Many Massachusetts public schools are training students for the worst-case scenario – an active shooter situation.
But as 25 Investigates found neither Massachusetts nor the federal government require this type of training and there are no guidelines for schools to follow. Additionally, the level of preparedness varies from school to school.
Thirty-nine states, including Massachusetts, require public schools to conduct general safety drills. But there is no mandate to include intruder or active shooter education into those safety drills. Therefore, the decision to conduct active shooter training is entirely up to individual school districts.
25 Investigates wanted to know what steps are being taken across the state, what methods are being used to prepare students and how often this training is taking place in the Commonwealth's public schools.
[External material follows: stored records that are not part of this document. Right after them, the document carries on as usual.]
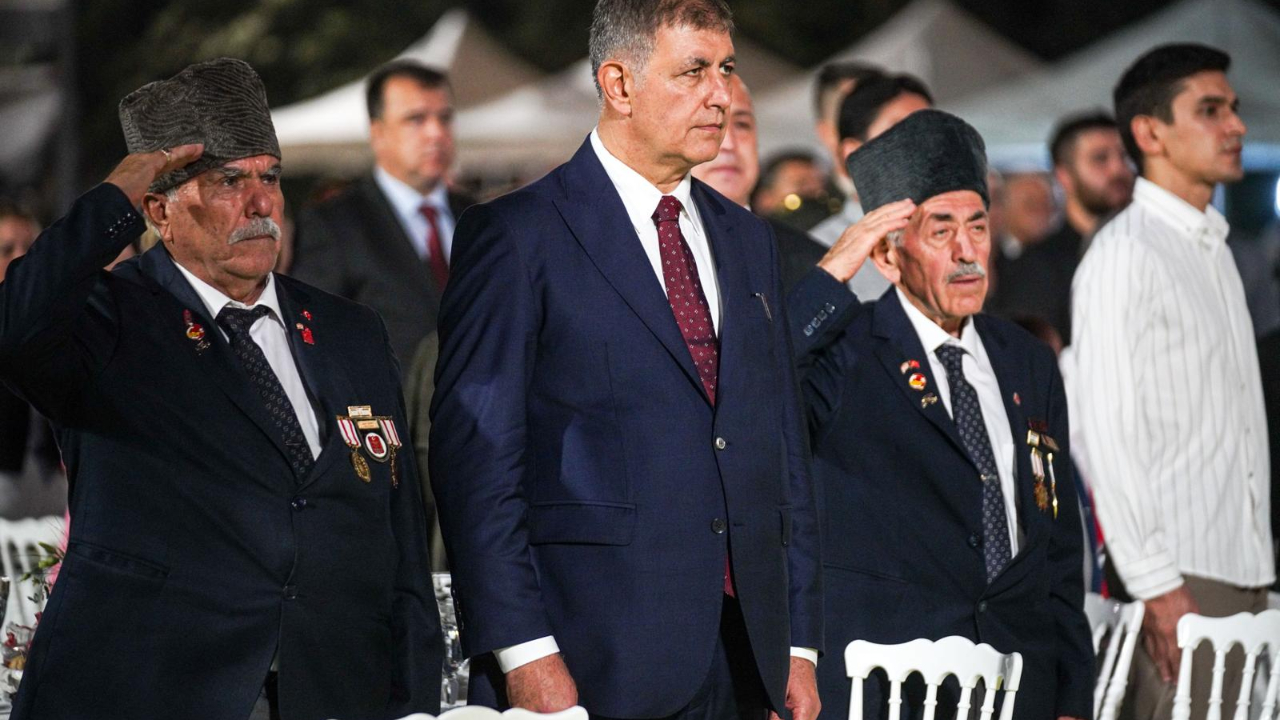Başkan Tugay: Özgürlüğümüzü şehitlerimizin canına ve gazilerimizin cesaretine borçluyuz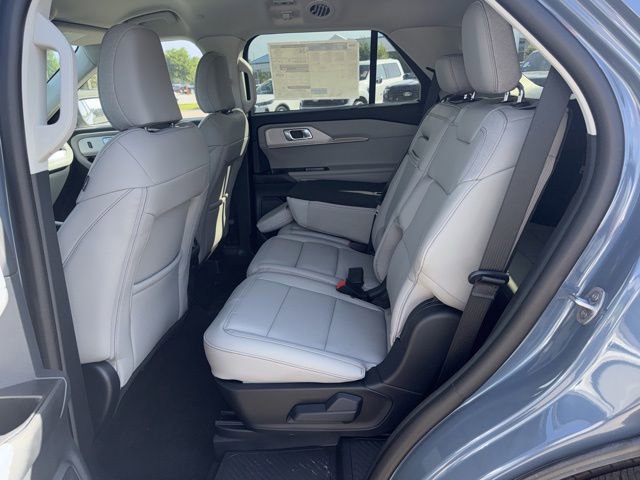 Used 2026 Ford Explorer Active w/ Active Comfort Package RWD image 9
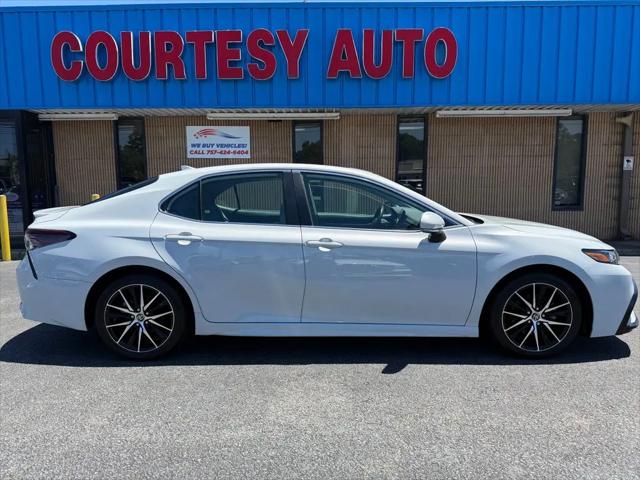 2023 Toyota Camry SE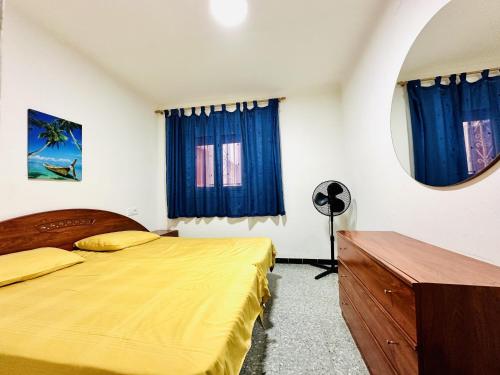 Apartamento frente al mar con gran terraza en Roses - ES-258-18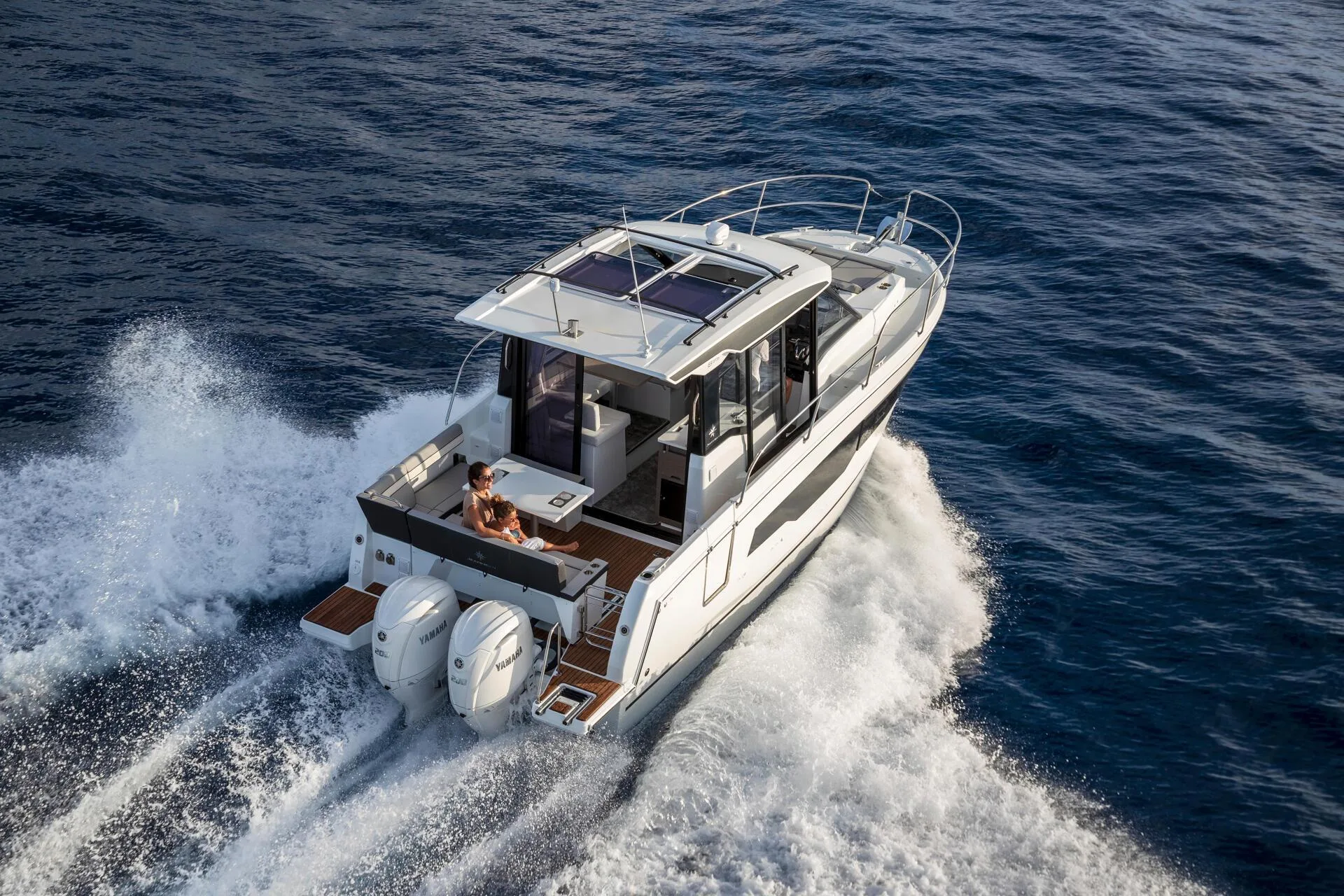 Nusa Penida Boat Charter Salaya Yacht 34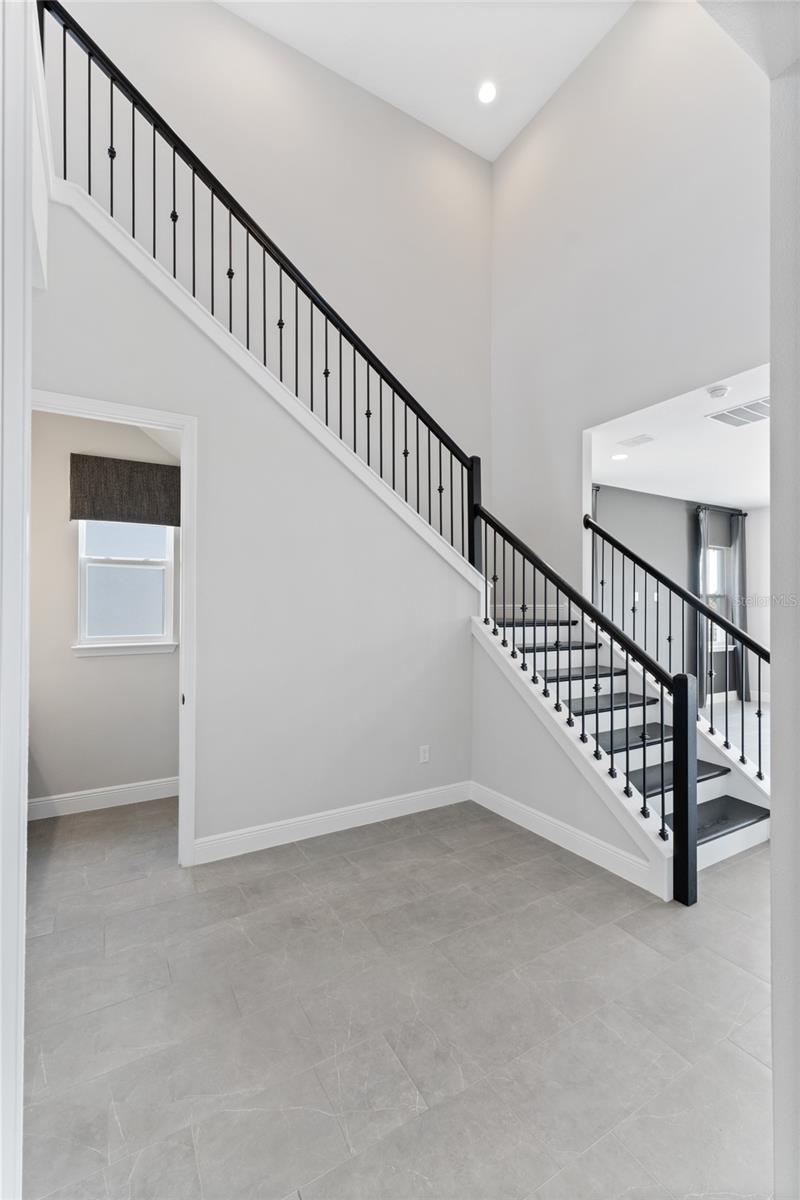 BELLA COLLINA WEST SUB - Residential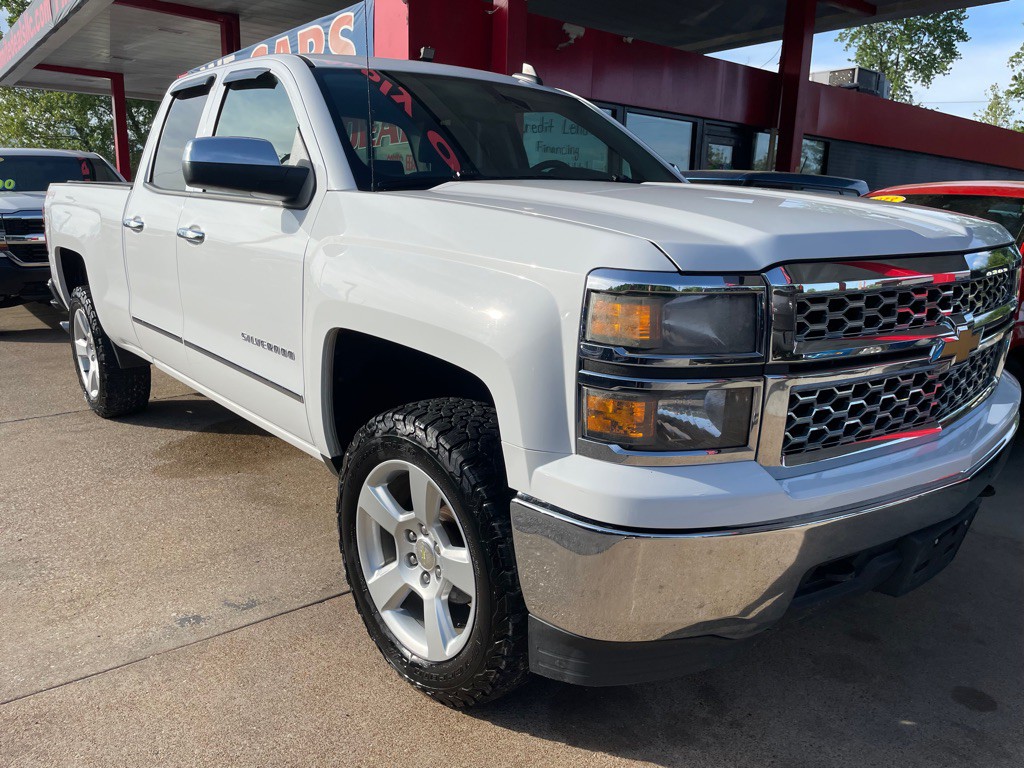 2015 Chevrolet Silverado 1500 Image 2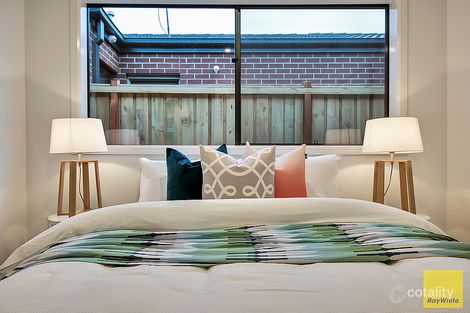 Property photo of 62 Lena Crescent Truganina VIC 3029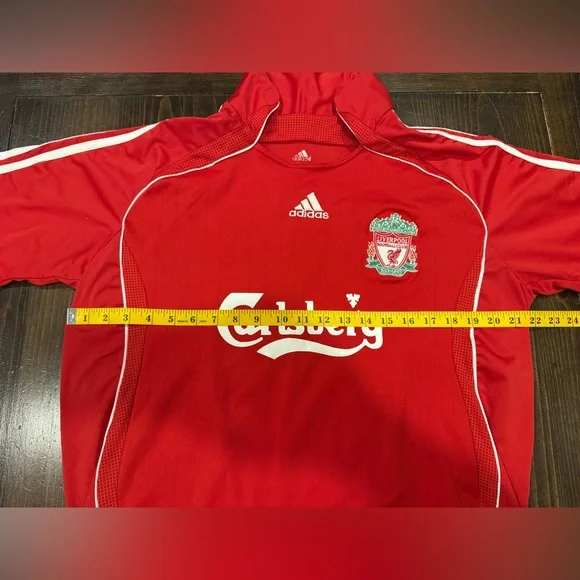 Liverpool FC Soccer Football Jersey - Picture 9 of 10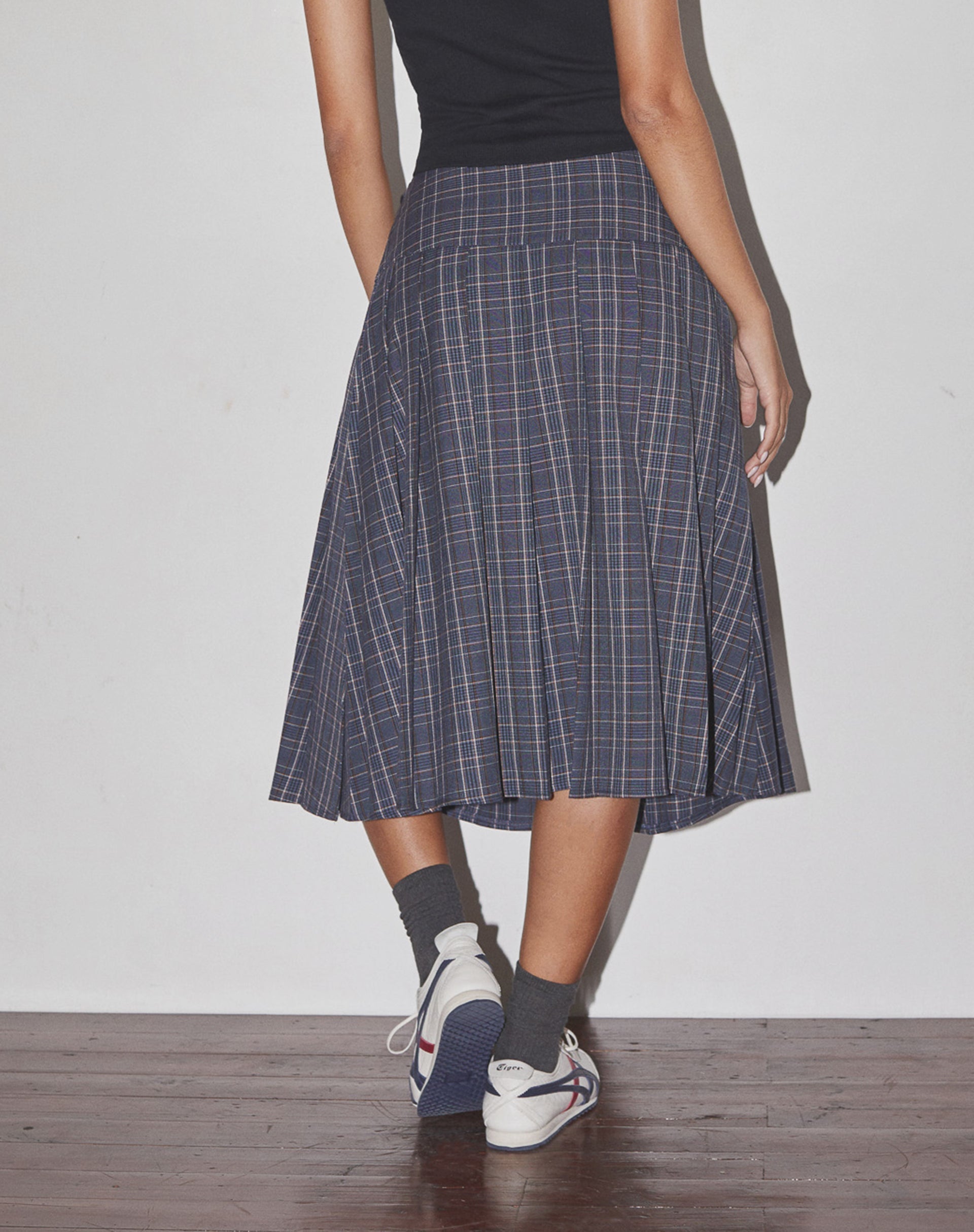Image of Catelyn Plissee-Midirock in Navy Karo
We surveyed the state's more than 230 school superintendents, but only 15% of them responded by our deadline.
All but three of the respondents reported using some form of active shooter training in schools.
Our survey found varying methods are being employed. Among the most common: powerpoint presentations, videos, tabletop exercises, and drills and simulations, where an individual dramatizes an active shooter. About 64% of the responding districts said they held simulations.
All respondents reported working with police or a security firm to develop safety protocols and many said they only trained staff on how to respond to an active shooter.
Our survey also shows most schools are using the nationally recognized ALICE safety protocol. ALICE, which stands for Alert, Lockdown, Inform, Counter, Evacuate, teaches students an alternative to hiding, the method widely taught in schools 20 years ago.
"We used to tell them to hide. Now we tell them hiding is not always the best," said Chief John Carbone of the Barre Police Department, who last month held an active shooter training for his department’s first responders. "Sometimes it works, sometimes it doesn't."
The Quabbin School District, which Barre is a part of, also conducts age-appropriate active shooter drills for students where ALICE techniques are taught. Students get three options – run, hide and fight, according to Chief Carbone, and, depending on the circumstances, students can decide for themselves which option works best.
Students and staff alike need to know what to do should a real emergency arise, he added.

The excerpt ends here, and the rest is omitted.